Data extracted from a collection
Start of Block

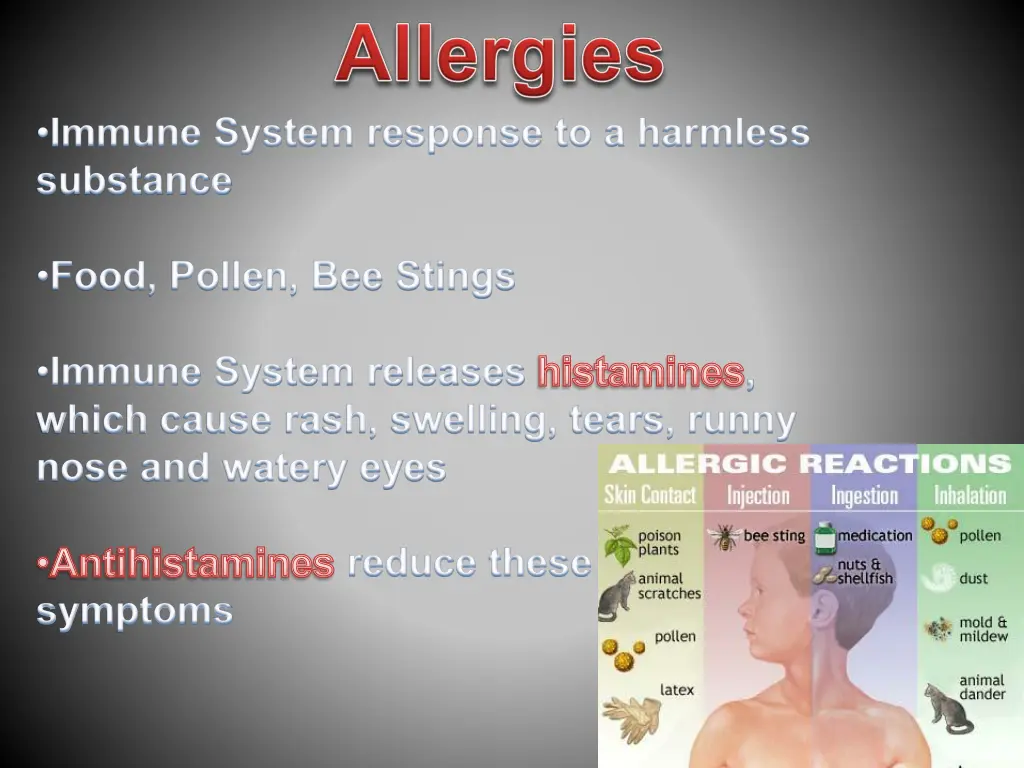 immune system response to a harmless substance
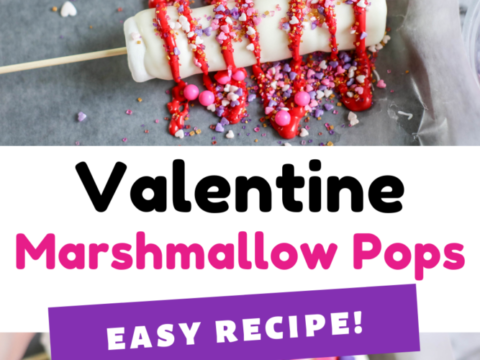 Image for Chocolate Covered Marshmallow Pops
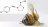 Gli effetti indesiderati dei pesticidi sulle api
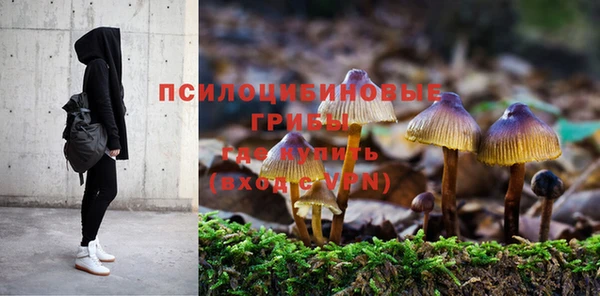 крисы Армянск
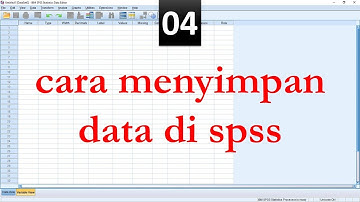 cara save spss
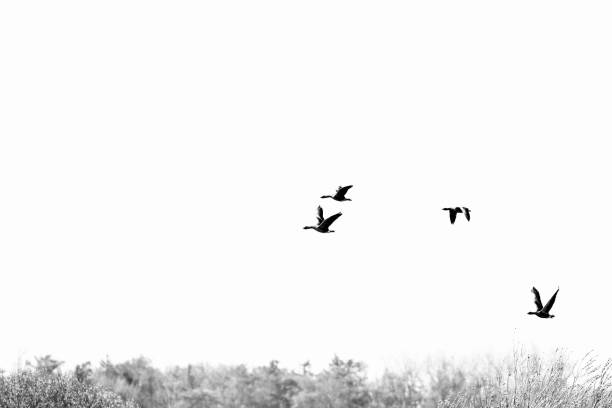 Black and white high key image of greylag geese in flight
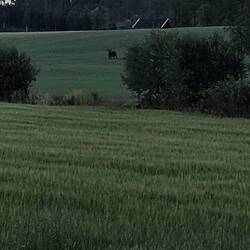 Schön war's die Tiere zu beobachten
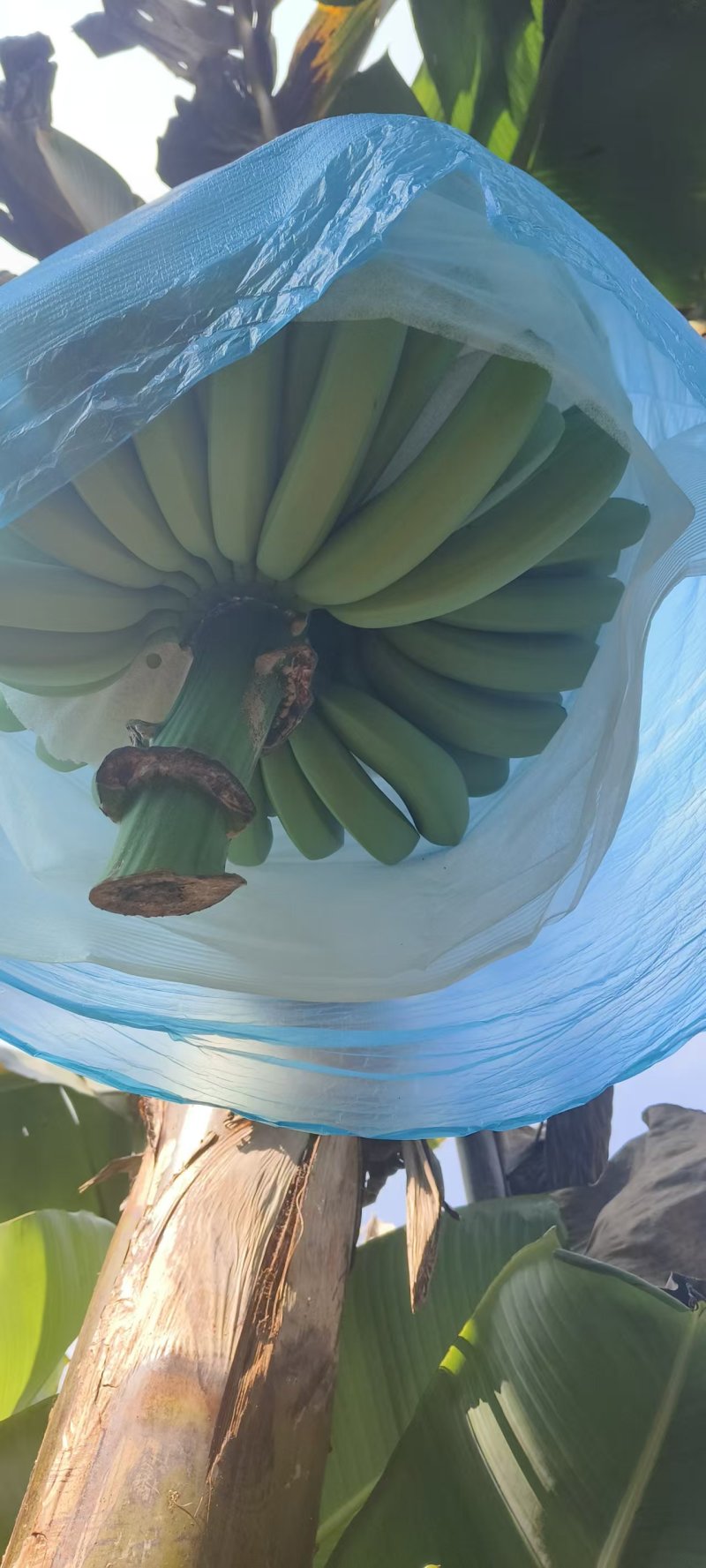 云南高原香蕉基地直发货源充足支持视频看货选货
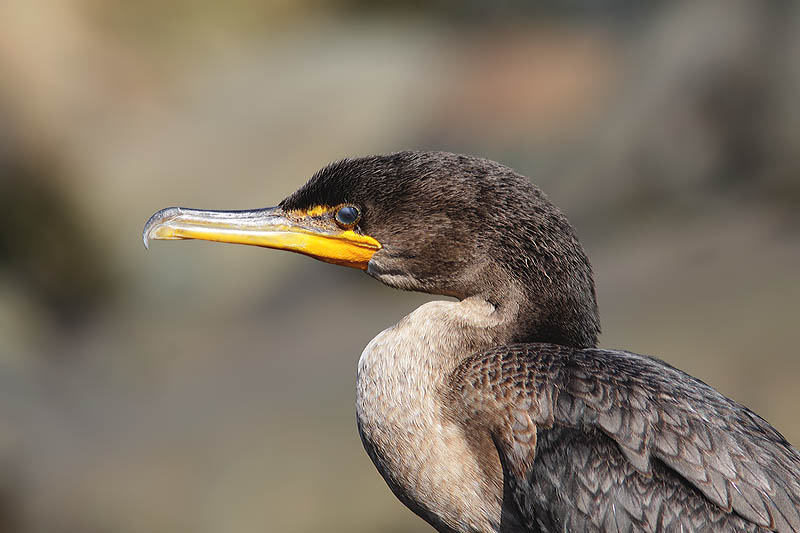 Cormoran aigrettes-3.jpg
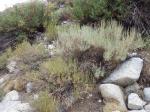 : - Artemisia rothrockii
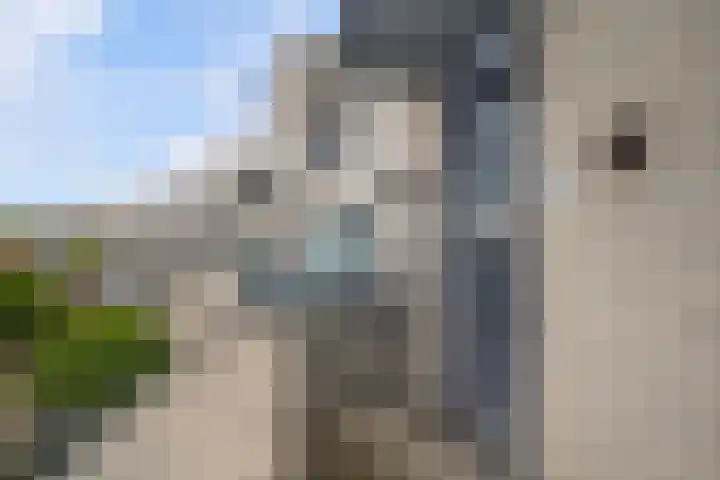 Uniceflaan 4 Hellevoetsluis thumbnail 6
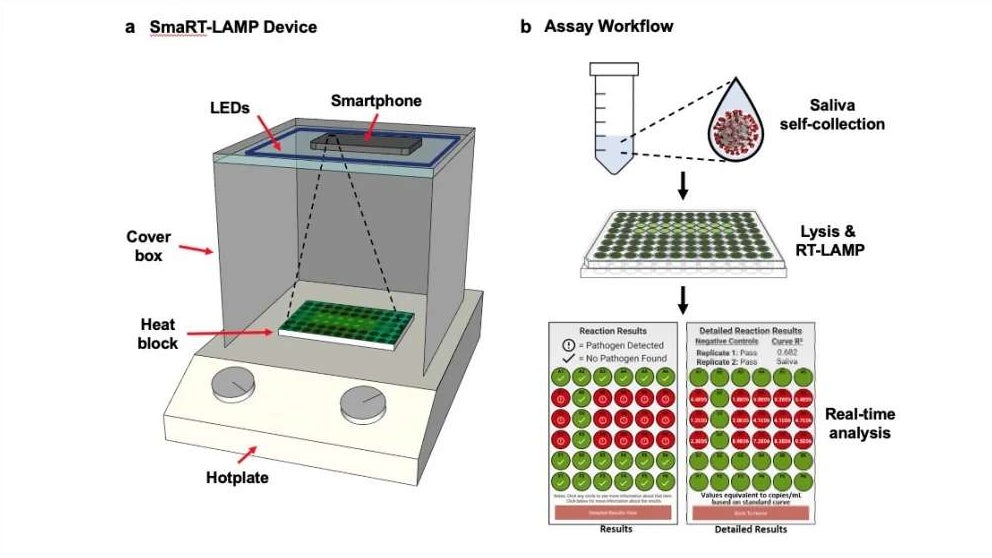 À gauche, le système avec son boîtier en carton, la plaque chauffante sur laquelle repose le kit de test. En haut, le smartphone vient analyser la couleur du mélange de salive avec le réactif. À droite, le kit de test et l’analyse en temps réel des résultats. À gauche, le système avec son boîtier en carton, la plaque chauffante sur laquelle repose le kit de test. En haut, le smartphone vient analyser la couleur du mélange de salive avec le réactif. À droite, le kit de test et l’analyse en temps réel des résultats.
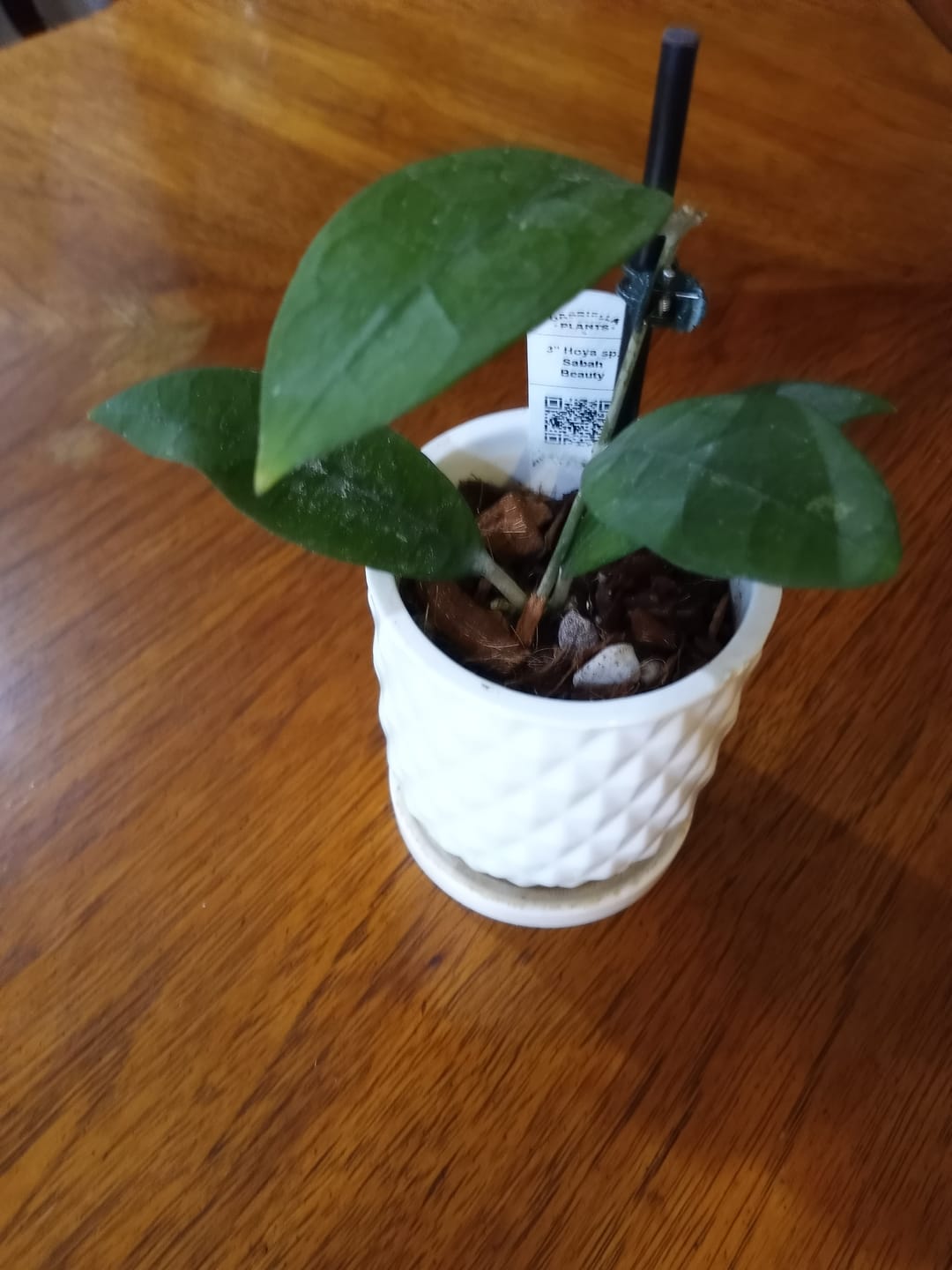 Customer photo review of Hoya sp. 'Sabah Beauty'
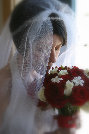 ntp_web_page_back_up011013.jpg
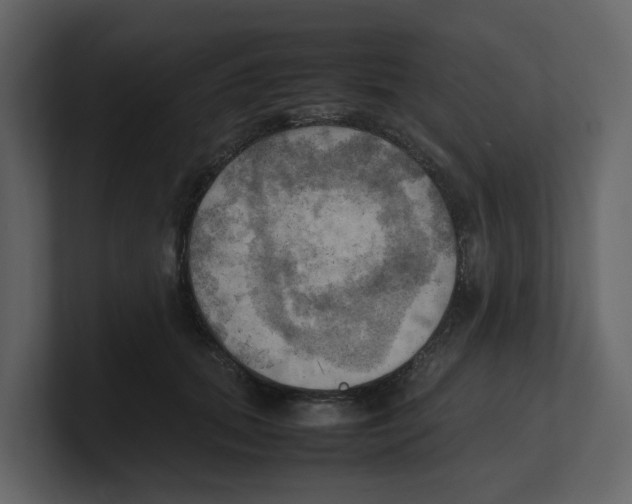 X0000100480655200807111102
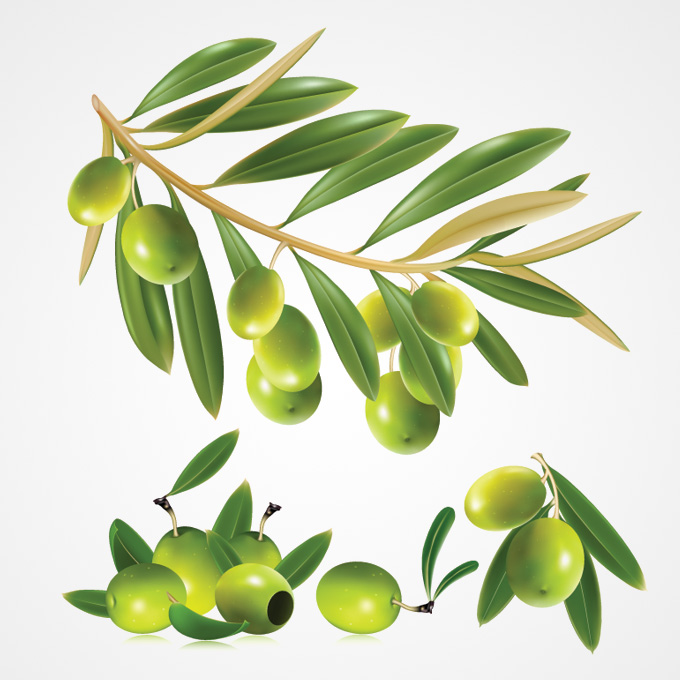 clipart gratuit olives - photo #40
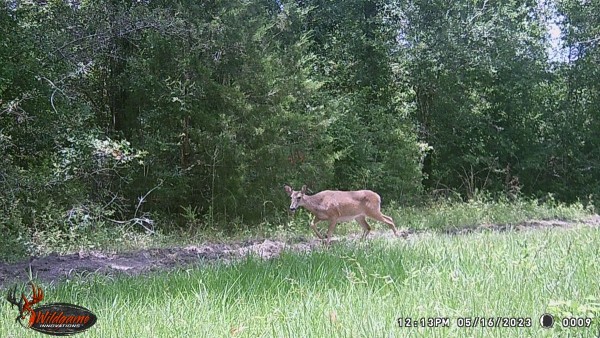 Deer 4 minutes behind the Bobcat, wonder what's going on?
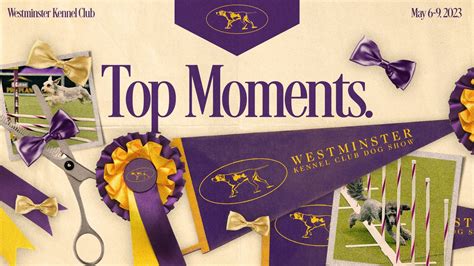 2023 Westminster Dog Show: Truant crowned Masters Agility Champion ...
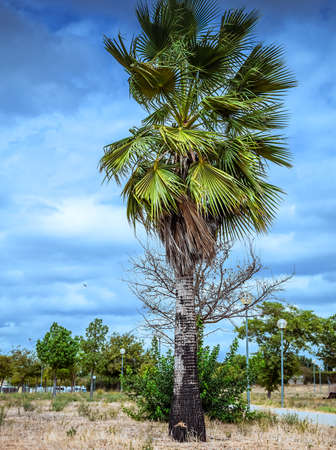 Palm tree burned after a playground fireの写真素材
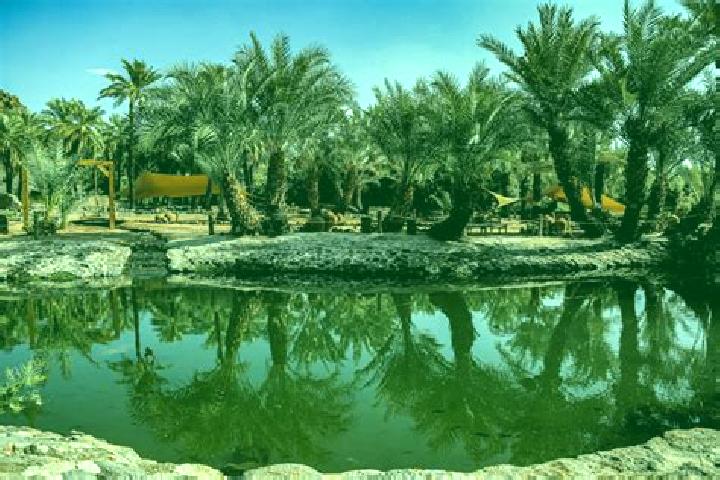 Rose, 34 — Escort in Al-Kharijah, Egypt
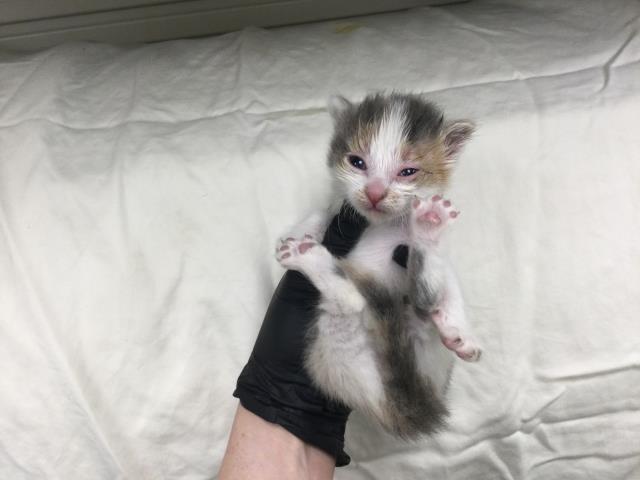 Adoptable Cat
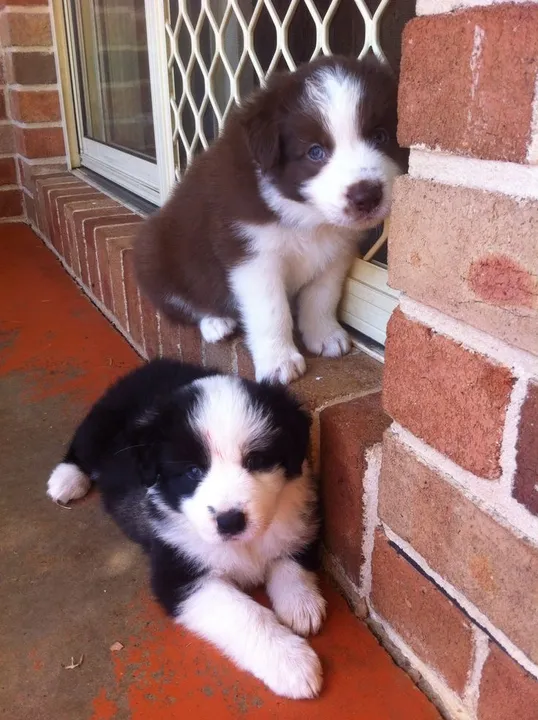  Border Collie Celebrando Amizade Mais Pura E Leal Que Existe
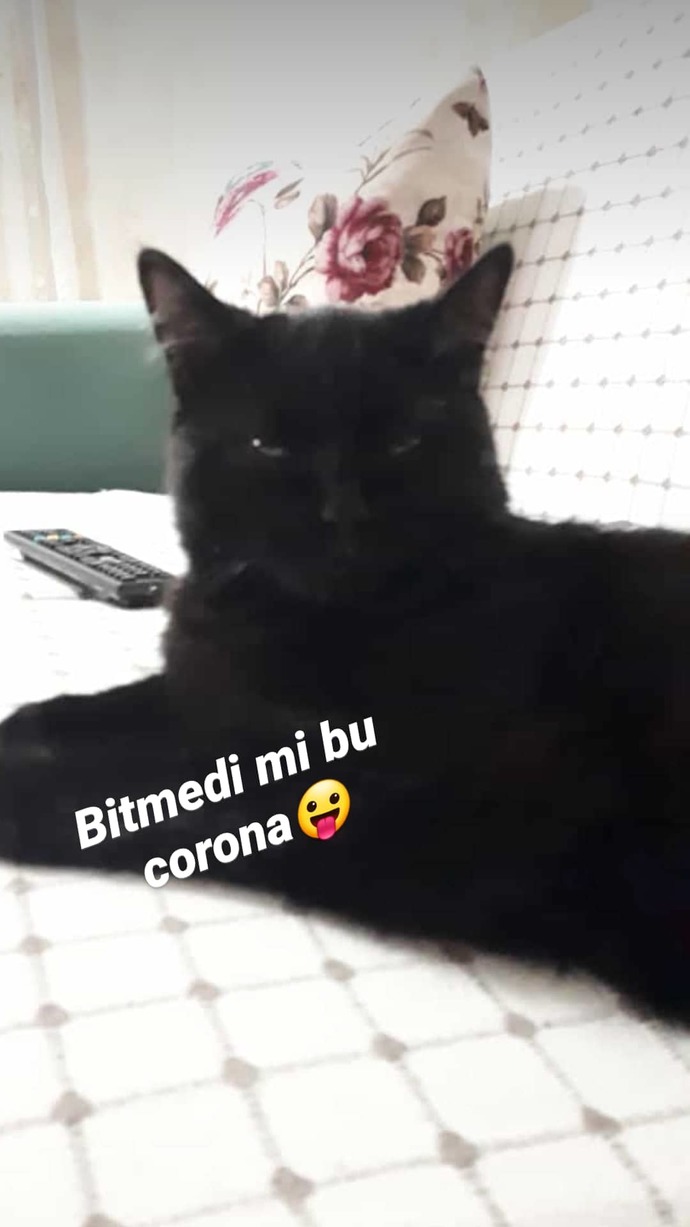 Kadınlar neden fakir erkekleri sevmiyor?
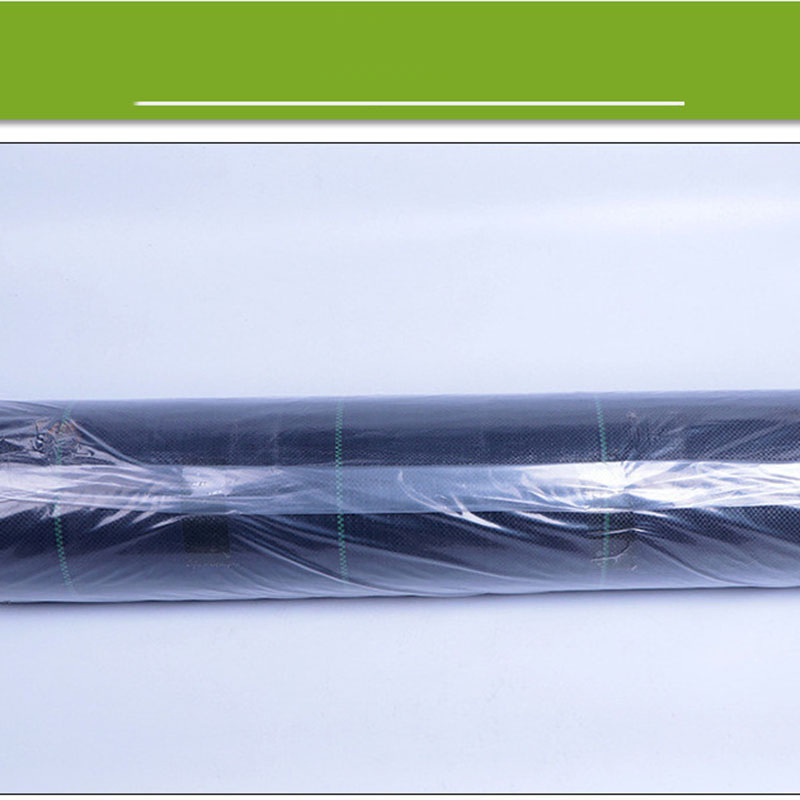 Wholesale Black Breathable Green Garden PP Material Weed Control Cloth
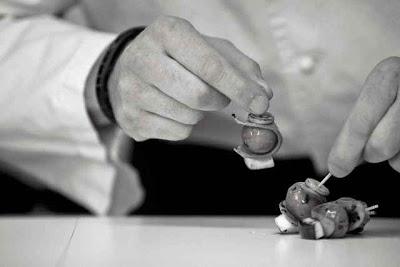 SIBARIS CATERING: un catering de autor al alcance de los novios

End of Block

WORK ORDER:
Take the lines from the one holding "Adoptable Cat" through the final line of the records above and output them exactly, both ends included, excluding pictures.

TASK ANSWER:
 Adoptable Cat
  Border Collie Celebrando Amizade Mais Pura E Leal Que Existe
 Kadınlar neden fakir erkekleri sevmiyor?
 Wholesale Black Breathable Green Garden PP Material Weed Control Cloth
 SIBARIS CATERING: un catering de autor al alcance de los novios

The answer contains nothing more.